Iranians calling for the death of Israel and the infidel cartoonists confirms in the minds of many the stereotypes of Islamic hate propaganda. What could be more legitimate than attacking the ultimate means of 'terror' - nuclear bombs in the hands of 'fundamentalists' in Iran. The US should know, it used them deliberately to terrorise Japan into a quick surrender in the Second World War. Finally, whatever the logic of the 'war on terror' it is not something that emerges from the stupidity of a rightwing neo-con US ruling class faction or a President who 'can't find his ass'.A stupid person is a real thing, but capital is not a thing, it's a social relation which dominates us all stupid or not. The logic of capital, not the illogic of Bush is what forces the US into increasingly risky actions to foreclose on its imperialist rivals, and to prevent any future anti-US bloc from forming, especially one with nuclear weapons. The US may not bomb Iran in March 2006, and it surely will not invade it in the near future, but keeping the options open is sufficient reason for the workers of the world to prepare for an attack and to mount a response that goes beyond marching and praying.
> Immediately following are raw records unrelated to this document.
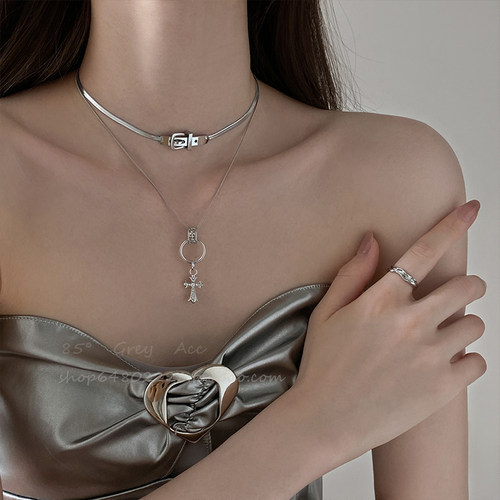 皮带扣叠戴圆环十字架吊坠项链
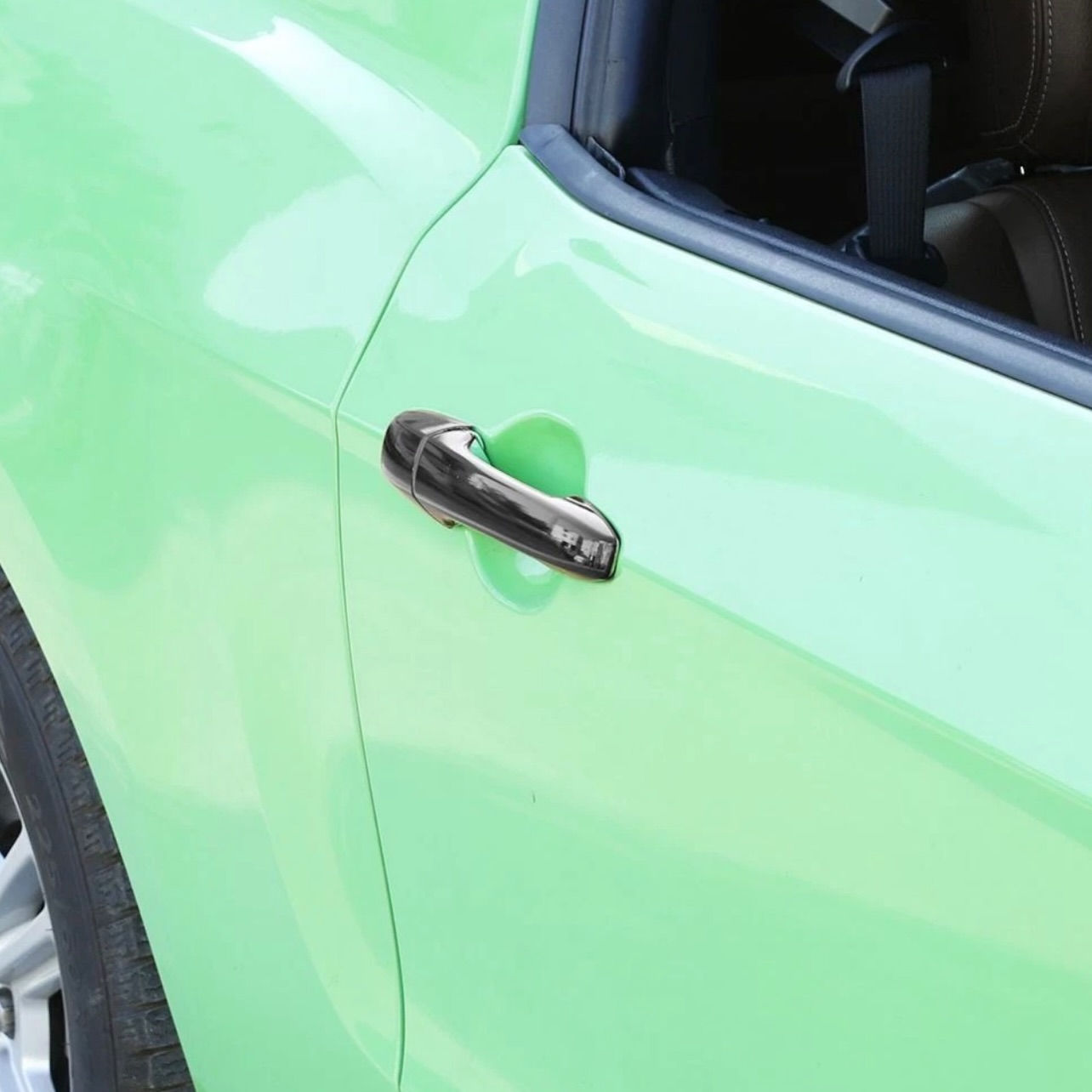 كفر يده باب اسود لامع موستنك 2010-2014

📛متواجد كل ايام الاسبوع من الساعه 2 ظهراا ولغايه الساعة 2 ليلااا
📛متوفر فتح وشد
🟠عنوان المحل👈🏻 بغداد/الشعب/حي التجار/شارع مدرسة بلقيس
🟢توصيل متوفر لكل محافظات العراق🚚
🟣 بغداد 5,000الف
🟤محافظات 6,000الف
☎️***********☎️

#ياسر_سبورت #mustang
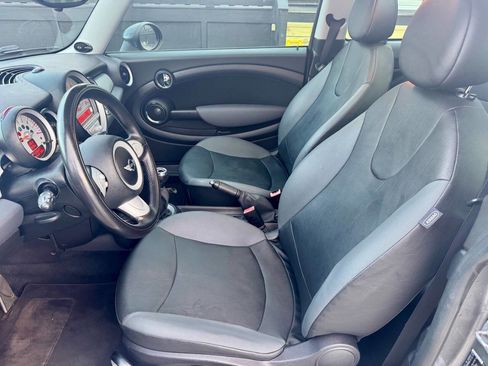 Used 2010 MINI Cooper Hardtop image 12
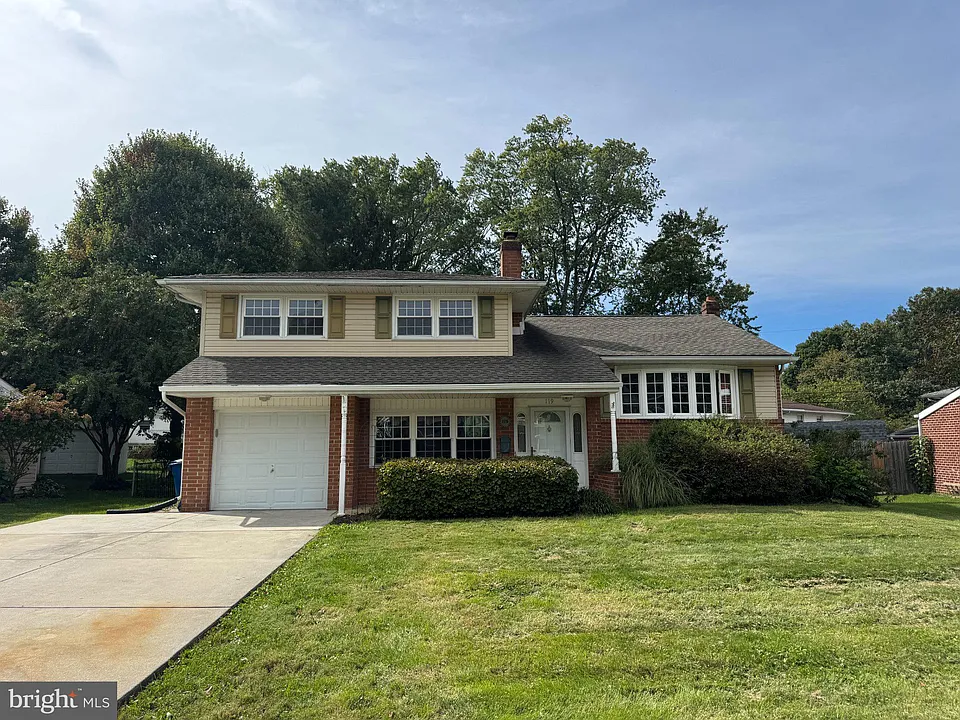 119 Forsythia Dr
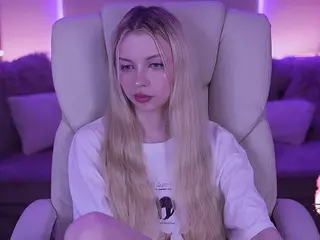 EviStar's Live Sex Cam Show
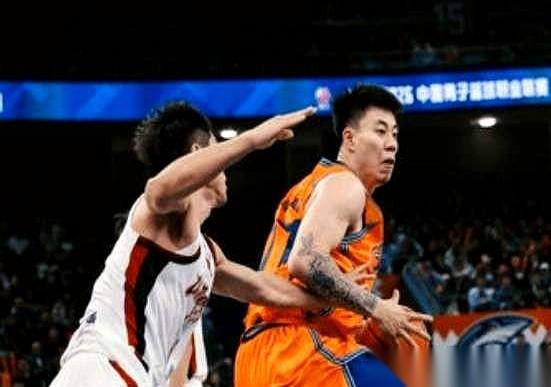 赢了30分，赛后还在更衣室里发脾气。这事儿要搁别人身上，早开香槟了。可人家队里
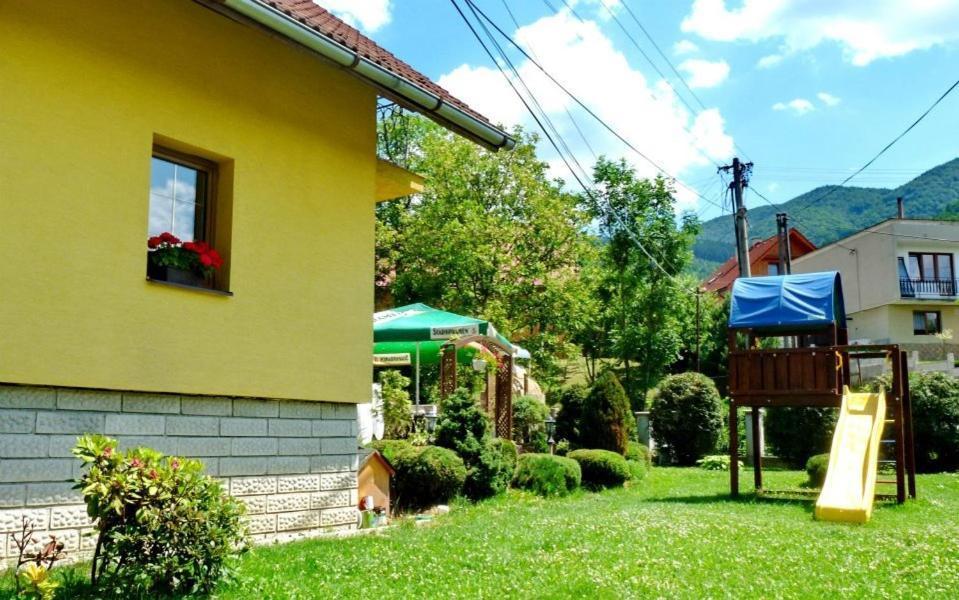 Relax Penzion U Adama Dolna Tizina Exterior photo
Dave's comments seem to me to focus too much on economic necessity and not enough on political irrationality. In particular, Dave leaves out mentioning that it is the invasion of Iraq which has so strengthened Iran's hand in the Middle East that it can take a much more confrontational attitude to the US and hope to get away with it. Iran has huge leverage in Iraq because of its very close ties to the forces that dominate the government there. How do the wargamers designing scenarios for an attack on Iran think that the Shia population of Iraqis likely to respond to such an action? The US is going to have to put up with the fact that Iran has become a regional power, rivalled only by Israel, largely as a result of US actions in Iraq.

I see the idea as the work of people frustrated by the failure of the US to take control ofthe situation in the Middle East in the past fewyears. The situation in Iraq has spun well out of control, imperilling rather cementing US hegemony in the region. War on new enemies becomes a sort of silver bullet for the more or less intractable problems inIraq. There are intriguing similarities with the US focus on Cambodia as the 'solution' to the crisis in Vietnam in the early 70s. An attack on Iran now would be as irrational and counterproductive as the invasion of Cambodia was back then. It's probably just as likely.

1 Comments:

Anonymous Anonymous said...

I would say that the link between economics, politics and war is pretty direct right now, so that the political is driven by the immediate economic needs of the US economy.

Goff mentions the ungovernability of Iraq if the US attacks Iraq. That's a possibility, but I don't think it would deter the Bushites. Not when the whole strategic dominance of the US is at stake.

The long term economic determinant is made up of a whole lot of short term necessities like the vulnerability of the US dollar. Goff misses the point made by Peter Gowan (though he seems to like him probably because in the end Gowan too thinks that the goodie bosses can rescue America) that the US needs a new 'red scare' to allow it to act as world policeman and keep its failing economy afloat. The casting of Islam in that role is the result.

Pilger talks of the fear that the dollar will collapse if Iran starts selling its oil for Euros. He even talks of the US invading that province next to Iraq which has 80% of Iran's oil. These were pretty much the considerations in Iraq. No WMD, no critical need for oil, but a strategic need to dump Saddam and assert global dominance.

Maybe the invasion of Iran would be the Cambodia effect given that the US may think that we think its losing in Iraq. The US economic situation is so fundamentally desperate that I don't see a few trillion spent on another war here or there in maintaining its 'primacy' making much difference. Especially if it gives the WOT a new lease of life at home and abroad.